__AVAILABLE DATA__:
◇ ◇ ◇ ◇

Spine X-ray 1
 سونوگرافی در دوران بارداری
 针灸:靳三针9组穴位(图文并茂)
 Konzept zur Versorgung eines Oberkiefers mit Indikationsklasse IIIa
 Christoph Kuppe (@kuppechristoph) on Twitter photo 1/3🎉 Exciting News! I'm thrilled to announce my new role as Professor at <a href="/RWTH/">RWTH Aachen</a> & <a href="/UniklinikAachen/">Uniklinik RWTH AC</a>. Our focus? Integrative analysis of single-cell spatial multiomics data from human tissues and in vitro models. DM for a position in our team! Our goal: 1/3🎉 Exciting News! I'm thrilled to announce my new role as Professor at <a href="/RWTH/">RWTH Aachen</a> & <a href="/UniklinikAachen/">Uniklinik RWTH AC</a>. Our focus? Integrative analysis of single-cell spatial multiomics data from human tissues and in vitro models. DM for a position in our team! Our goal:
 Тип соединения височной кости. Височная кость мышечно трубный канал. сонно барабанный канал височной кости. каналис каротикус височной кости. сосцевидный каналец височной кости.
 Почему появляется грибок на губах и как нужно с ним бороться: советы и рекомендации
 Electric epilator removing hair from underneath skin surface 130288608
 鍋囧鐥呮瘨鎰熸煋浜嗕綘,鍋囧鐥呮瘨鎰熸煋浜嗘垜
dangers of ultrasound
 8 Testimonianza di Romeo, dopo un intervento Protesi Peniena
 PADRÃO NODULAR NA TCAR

◇ ◇ ◇ ◇

__TASK REQUIREMENTS__: Copy out the data exactly as it stands, leaving nothing out.

__EXERCISE OUTPUT__:
Spine X-ray 1
 سونوگرافی در دوران بارداری
 针灸:靳三针9组穴位(图文并茂)
 Konzept zur Versorgung eines Oberkiefers mit Indikationsklasse IIIa
 Christoph Kuppe (@kuppechristoph) on Twitter photo 1/3🎉 Exciting News! I'm thrilled to announce my new role as Professor at <a href="/RWTH/">RWTH Aachen</a> & <a href="/UniklinikAachen/">Uniklinik RWTH AC</a>. Our focus? Integrative analysis of single-cell spatial multiomics data from human tissues and in vitro models. DM for a position in our team! Our goal: 1/3🎉 Exciting News! I'm thrilled to announce my new role as Professor at <a href="/RWTH/">RWTH Aachen</a> & <a href="/UniklinikAachen/">Uniklinik RWTH AC</a>. Our focus? Integrative analysis of single-cell spatial multiomics data from human tissues and in vitro models. DM for a position in our team! Our goal:
 Тип соединения височной кости. Височная кость мышечно трубный канал. сонно барабанный канал височной кости. каналис каротикус височной кости. сосцевидный каналец височной кости.
 Почему появляется грибок на губах и как нужно с ним бороться: советы и рекомендации
 Electric epilator removing hair from underneath skin surface 130288608
 鍋囧鐥呮瘨鎰熸煋浜嗕綘,鍋囧鐥呮瘨鎰熸煋浜嗘垜
dangers of ultrasound
 8 Testimonianza di Romeo, dopo un intervento Protesi Peniena
 PADRÃO NODULAR NA TCAR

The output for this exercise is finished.